So on my last exam on linear algebra there was this question:
Exam question
$\text{Let the matrix A be equal to:}$ \begin{pmatrix}1&-1&2&1\\2&1&1&1\\ -2&2&a&2\\3&-3&6&a\end{pmatrix}
$\text{1.Find the values of $\alpha$ so the matrix A is inversable}$
$\text{2.For the values of $\alpha$ that matrix A is inversable what should be the values of}$ $\text{eigenvalues of}$
$\text{matrix A so the matrix T is also inversable?}$ $\text{Consider T be: } T\equiv A^4-A^2-1$
My solution to the first part is this:
By apllying elemenetary row operations we have:
$\left\{\begin{array}{cc} row_2\Rightarrow row_2-2row_1\\row_3 \Rightarrow row_3+2row_1\\row_4 \Rightarrow row_4-3row_1\end{array}\right\}$.
Thus the matrix is equal to:\begin{pmatrix}1&-1&2&1\\0&3&-3&-1\\0&0& a+4&4\\0&0&0&a-3\end{pmatrix}
$\text{So the determinat is equal to}:det(\alpha)=3 \cdot (\alpha+4) \cdot (\alpha-3) \text{ (1)} $
$\text{And } det(\alpha)=0 \Rightarrow \alpha=-4 \text{ or } \alpha=3.$
$\text{So the final answer is the matrix is inversable for: } \boxed{\alpha \neq{-4,3} } $
My solution to the second part is this:
$\text{Let matrix C be equal to:}
$\begin{pmatrix}1&-1\\0&3\end{pmatrix}
$\text{Let matrix D be equal to:}
$\begin{pmatrix}a+4&4\\0&a-3\end{pmatrix}
Thus the matrix from the first question can be wriiten:
$\begin{pmatrix}C&*\\0&D\end{pmatrix}$
$\text{So:}$
$x_A$($\lambda)=x_C$($\lambda)\cdot x_D$($\lambda$) (2)

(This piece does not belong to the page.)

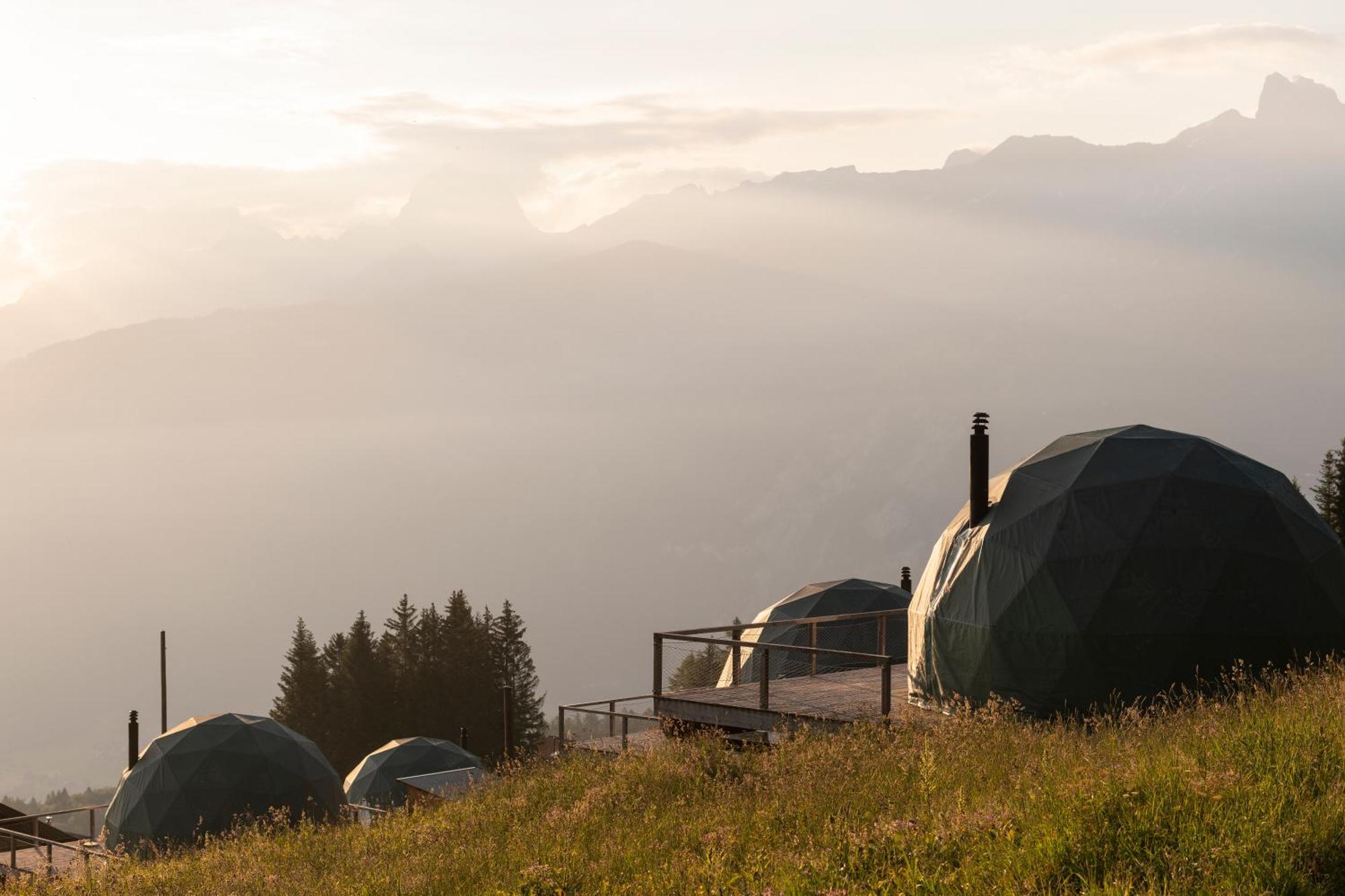 Hotel Whitepod Original Monthey Zewnętrze zdjęcie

$x_C(\lambda)=det(C)=(\lambda-1)\cdot (\lambda-3)$
$x_D(\lambda)=det(D)=(\lambda -a-4)\cdot(\lambda-a+3)$
$\text{So the equation (2) can be wriiten as: }(\lambda-1)\cdot (\lambda-3)\cdot (\lambda -a-4)\cdot(\lambda-a+3)$
$\text{For the eigenvalues of matrix A we demand that equation (2) is equal to 0.}$
$\text{The solutions are:}$
$$\begin{cases}
\displaystyle \lambda=a+4 \\
\displaystyle \lambda=a+3\\
\displaystyle \lambda=1\\
\displaystyle \lambda=3
\end{cases}$$
$\text{So the eigenvalues of matrix A are: }
\boxed{\lambda \epsilon \left\{\begin{array}{cc} a+3,a+4 ,a\epsilon \mathbb{R}-\{-4,3\}\end{array}\right\}\cup \{ 1,3 \}}$
$\text{Now by solving the equation:}
\lambda^4-\lambda^2-1=0$
$\text{We found out that the only solution that we can accept is:}
\lambda=\pm \sqrt{\displaystyle\frac {1+\sqrt{5}} 2}$
$\text{Note:We are limited to search for eigenvalues in real numbers}$
Final answer
$\text{In order for T to be inversable: }$
$\boxed{\lambda \epsilon\left\{\begin{array}{cc}a+3,a+4 ,a\epsilon \mathbb{R}-\{-4,3\}\displaystyle\end{array}\right\}- \left\{\begin{array}{cc}\pm \sqrt{\displaystyle\frac {1+\sqrt{5}} 2}\end{array}\right\}} $
Is the second solution correct?Is there any easier way?i failed to give a full answer to this question so i was wondering if someone could give a check to my solution.
Thanks in advance
Best Answer
So after a long time i can verify that the solution on this question is correct.Thanks everyone for the help.